Title is boasting but indeed could have broken builds of a lot of projects.
Once upon a time (2022-10), I was trying to fix a tricky bug regarding the feature “artifact dependencies”. Artifact dependencies is a humongous feature too hard to implement it 100% right, as it touches almost every components of Cargo. There’s a saying from an anonymous Cargo maintainer, “I am mostly confident to make a change until it touches the dependency resolver.” Unfortunately, the root cause of that bug was exactly related to dependency resolution, specifically feature resolution in Cargo. “Well, it is still fixable”, I told myself.
A gigantic pull request
After some researches and experiments, I became more confident in my knowledge of feature resolver and artifact dependencies, so I submitted a pull request fixing the bug. Discussing back and forth with other Cargo maintainers, we finally reached an agreement and merged my patch. Everything went smoothly than expected. Really happy to see myself expanding my comfort zone and being more helpful in the area of feature resolution.
I then did a sync update from rust-lang/cargo repository to rust-lang/rust. The purpose of the update was to land changes from Cargo master branch into the next Rust nightly channel release. Then every nightly Rust users in the world will receive those changes. We merged that sync update soon and everything looked normal as usual. Those patches was about to hit nightly users within less than 16 hours at the end of that day.
However, there is always a new bug following a new fix.
The performance benchmark bot in rust-lang/rust found abnormal failures.
After investigations,
the official Rust compiler-perfomance team suspected there was a bug rooted in Cargo.

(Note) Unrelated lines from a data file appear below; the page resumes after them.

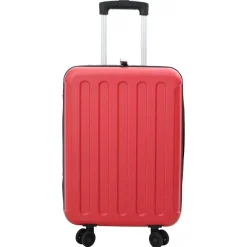 vidaXL Koffer met slot Rood 34 x 23 x 55.5 cm ABS Kunststof
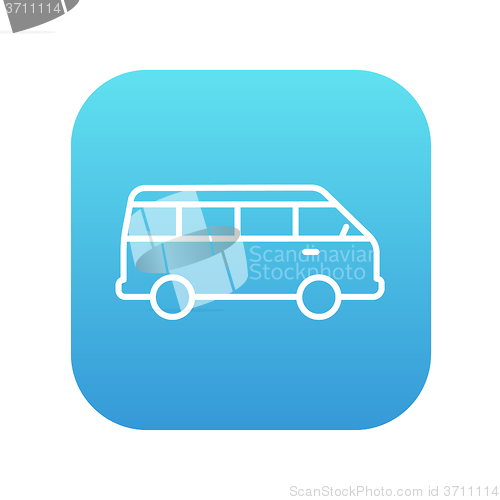 Image of Minibus line icon.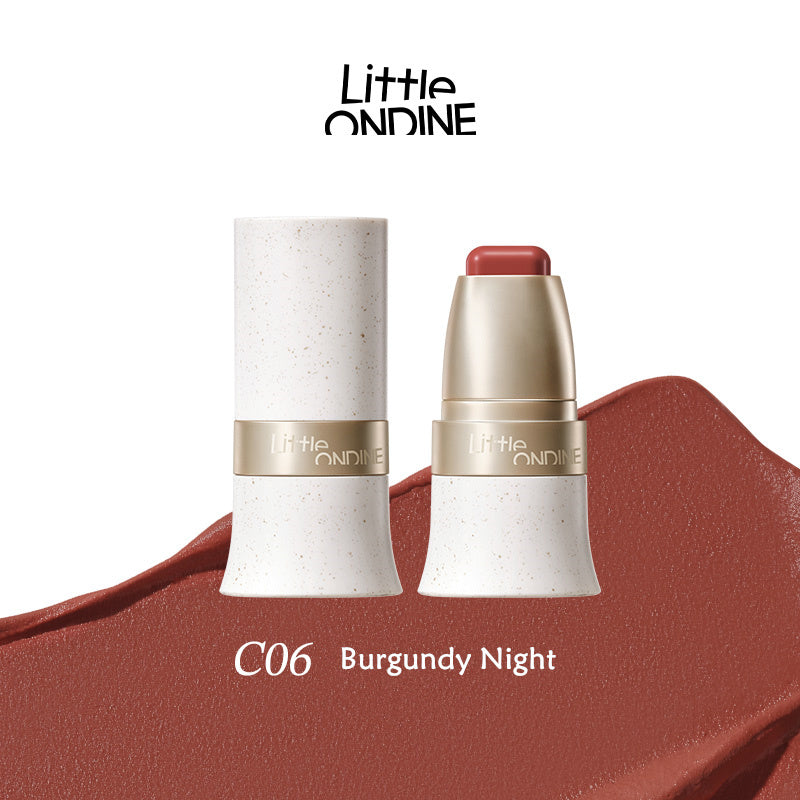 LITTLE ONDINE Multi-Use Makeup Stick For Lipstick & Blusher & Eyeshadow T4223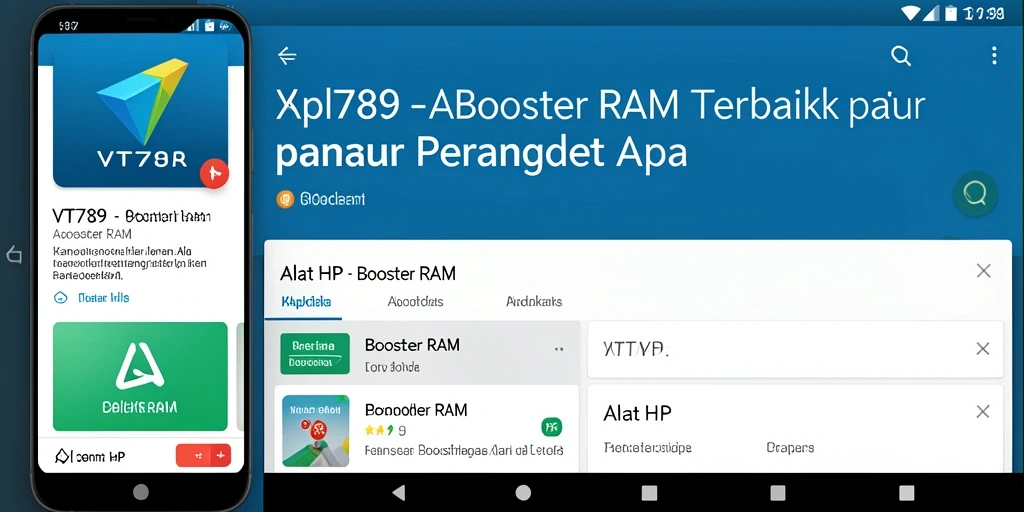 Tampilan antarmuka VT789 yang sederhana dan fungsional untuk Booster RAM.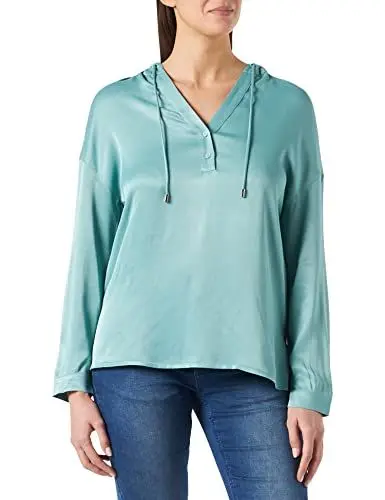 Produktbild: s.Oliver BLACK LABEL Damen Bluse Langarm Loose Fit Blouse, Dusty Green, 42 EU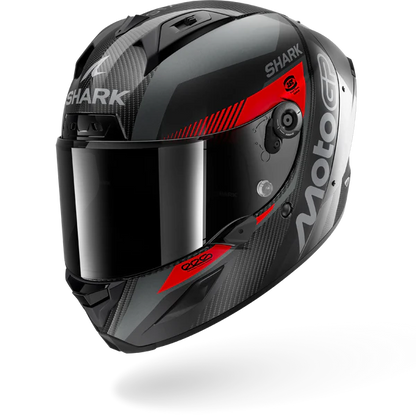CASCO SHARK AERON MOTOGP CARBONIO ROSSO ANTRACITE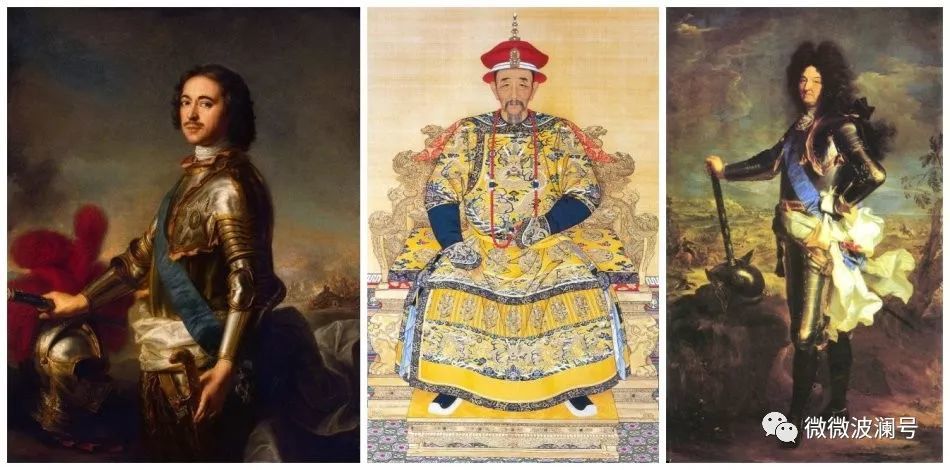 出现在同一时代的帝王:康熙,彼得大帝与路易十四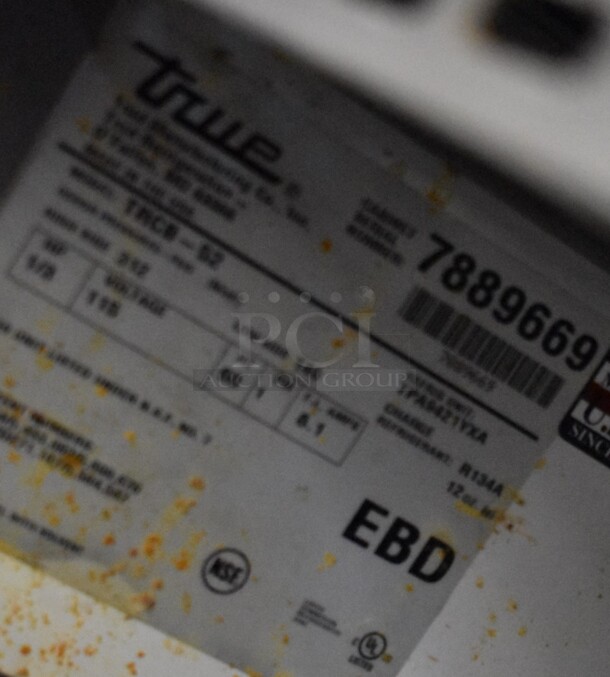 2013 True TRCB-52 Stainless Steel Commercial 2 Drawer Chef Base on Commercial Casters. 115 Volts, 1 Phase. 52x32x25. Tested and Working! - Image 3 of 4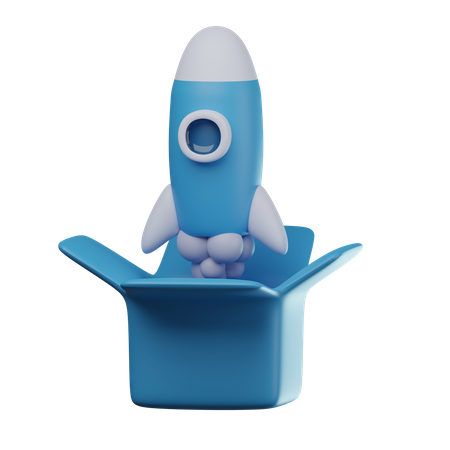 Starten  3D Icon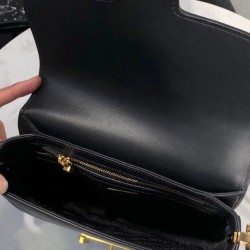 Replica Prada Embleme Saffiano Leather Bag 1BD217 Black Replica Prada Embleme Saffiano Leather Bag 1BD217 Black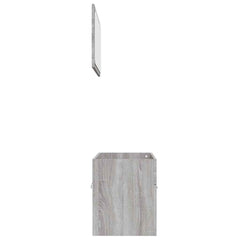 vidaXL 2 Piece Bathroom Furniture Set Grey Sonoma Engineered Wood 6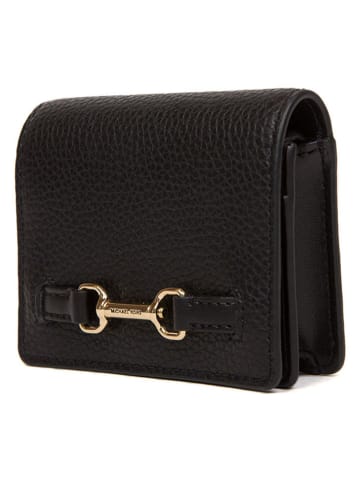 Michael Kors Leder-Geldbörse in Schwarz - (B)10 x (H)8 x (T)3 cm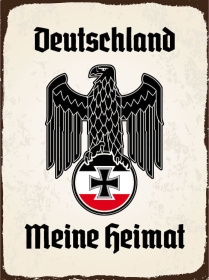 Blechschild - 20x30cm - Deutschland meine Heimat - Motiv 1 Blechschild - 20x30cm - Deutschland meine Heimat - Motiv 1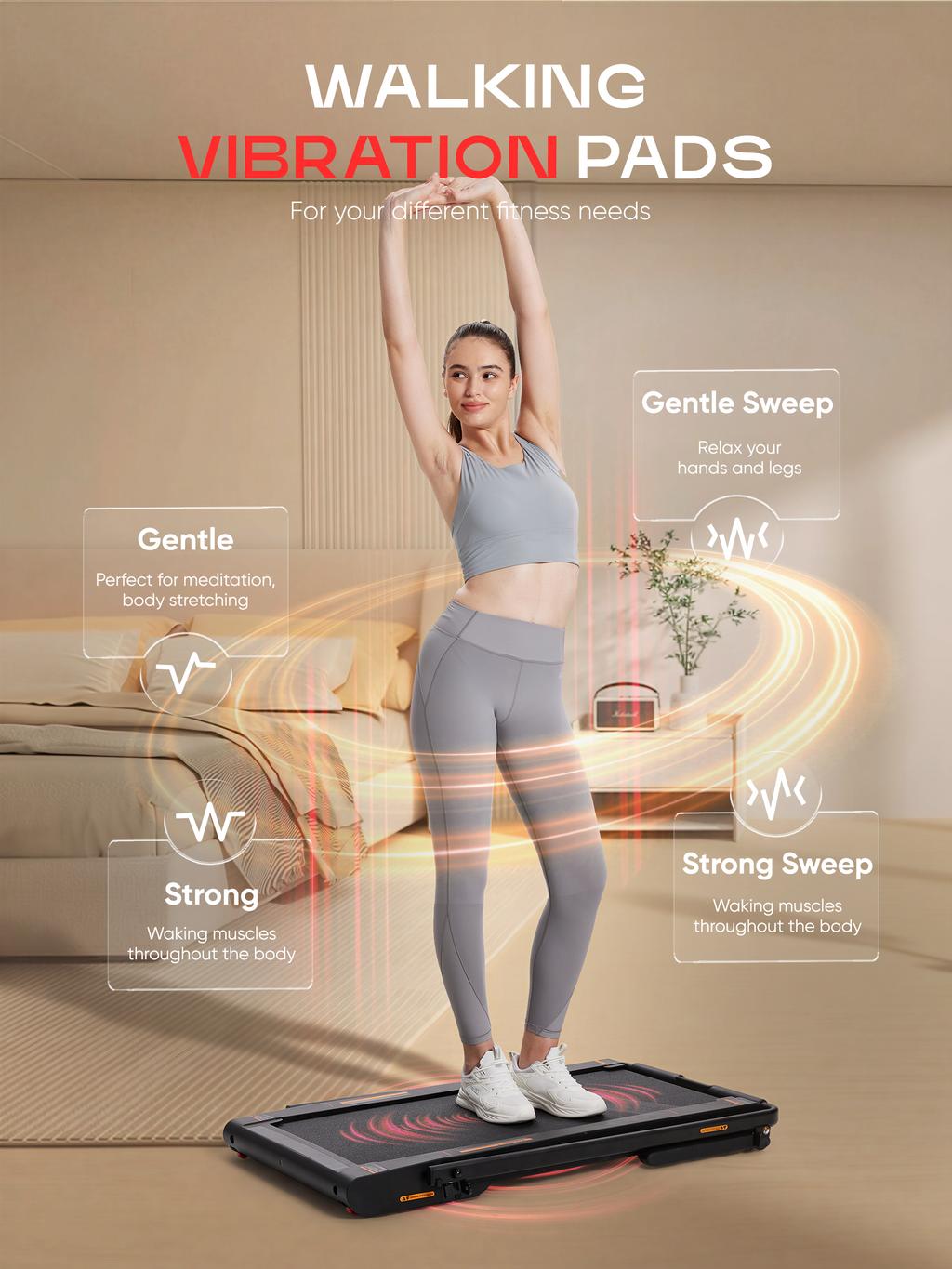 P3pro Walking Vibration Pad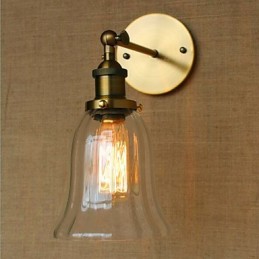 Recurso galvanizado retrô country para proteção ocular estilo mini arandelas de parede com luz ambiente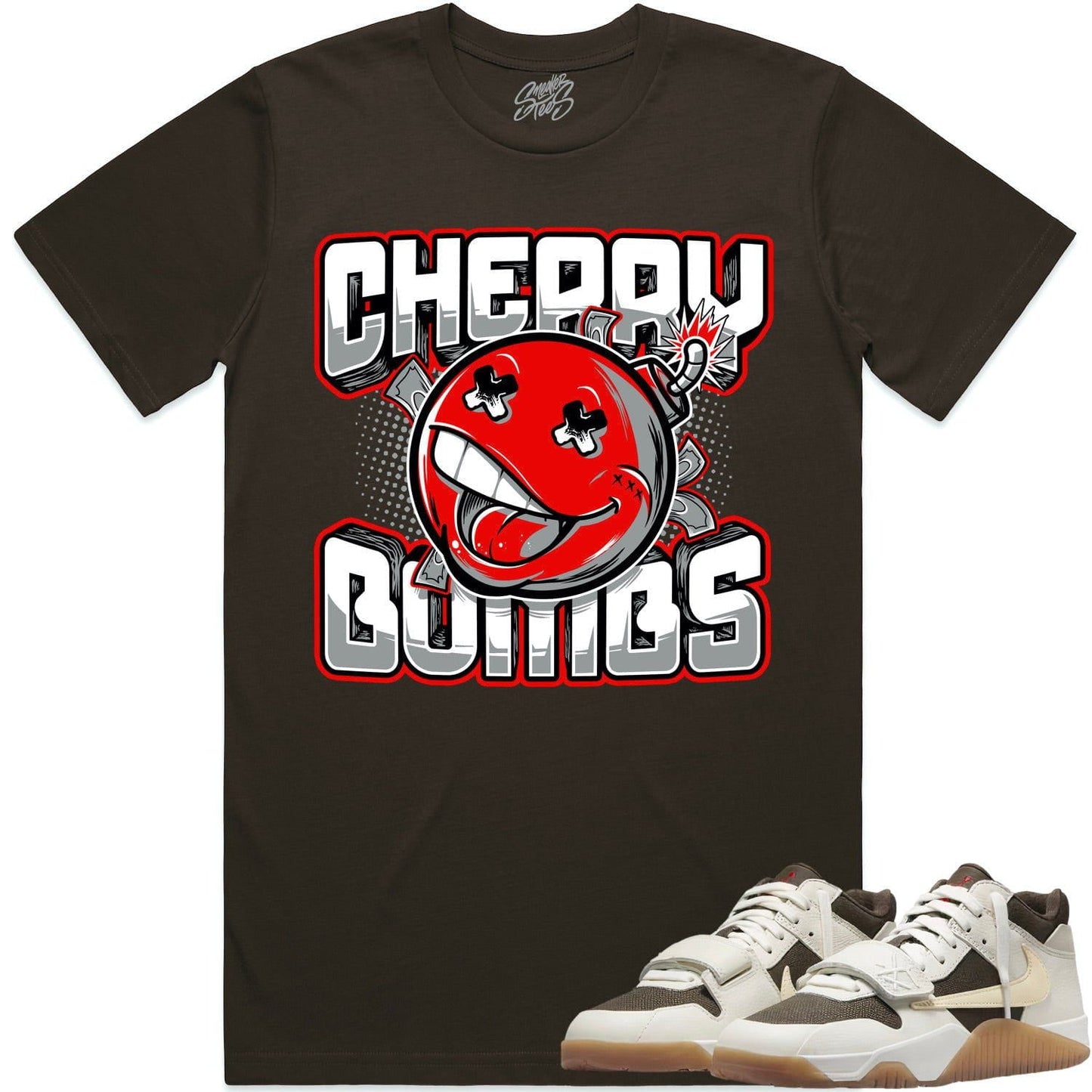 Travis Scott x Jordan Jumpman Jack Sail Shirt to Match - Cherry Bombs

They immediately notified the Cargo Team to take a look.
I was there and realized I messed up something. With my fix to artifact dependencies,
Cargo refused to compile any project depending on serde_derive
.
serde
, along with its companion crate serde_derive
,
are the cornerstone of a huge amount of Rust project in the ecosystem.
I could say 99% of projects doing serialization use serde
. So does Rust compiler itself.
We figured out that the fastest way to fix it was reverting the Cargo sync update.
I was also trying to find a way to fix the bug,
but it was nearly impossible to find an nonintrusive and sensible way to
fix the bug within such a limited time frame.
So yeah, I chose to revert it from Cargo side as well.
Download stats of serde_derive
The feature and the patch lived happily ever after, right? No exactly.
Since the sync update PR had already been merged,
if the revert PR hadn’t made it merged before midnight,
the bug could have sneaked in the next nightly release.
That meant everyone using nightly channel suddenly failed to build their projects
if it depends on serde_derive
.
I was really worried that day, as I knew that the Rust CI queue is always way too long.
A member of Rust Infra Team set a higher priority on the revert PR,
so that it was expected to get merged before midnight.
We were all relieved and had a good sleep.
Oops! The CI build of revert PR failed. A mysterious timeout. Well, fine. We could always kick off a new build and get it merged and then everyone is happy. But, no. Not this time. It was already 21:40 when we spotted the timeout, and a full CI build on rust-lang/rust usually takes around 3 hours. That is to say, we were too late to ship the revert to the next nightly release, and My bug could have started biting everyone after midnight! I begged Rust Infra Team to disable the nightly auto-release temporarily, and thankfully people were around to help. They disabled the CI pipeline and did a manual release.
bors timeout!!!
Although the story ended here, I still couldn’t make myself calm until we can prevent this from happening again. I posted a pull request adding tests to ensure the behaviour always successful. I also plan to add a new CI pipeline to verify builds of some real world projects during the CI of rust-lang/cargo. Thanks @lqd for always keeping an eye on abnormal performance build. Thanks @Mark-Simulacrum for helping trigger the manual release process at midnight. Also thanks @ehuss for trusting me with dealing with the entire incident. I couldn’t have had this precious experience without their helps and trust.
Just realized that I lost an opportunity to become famous 😗.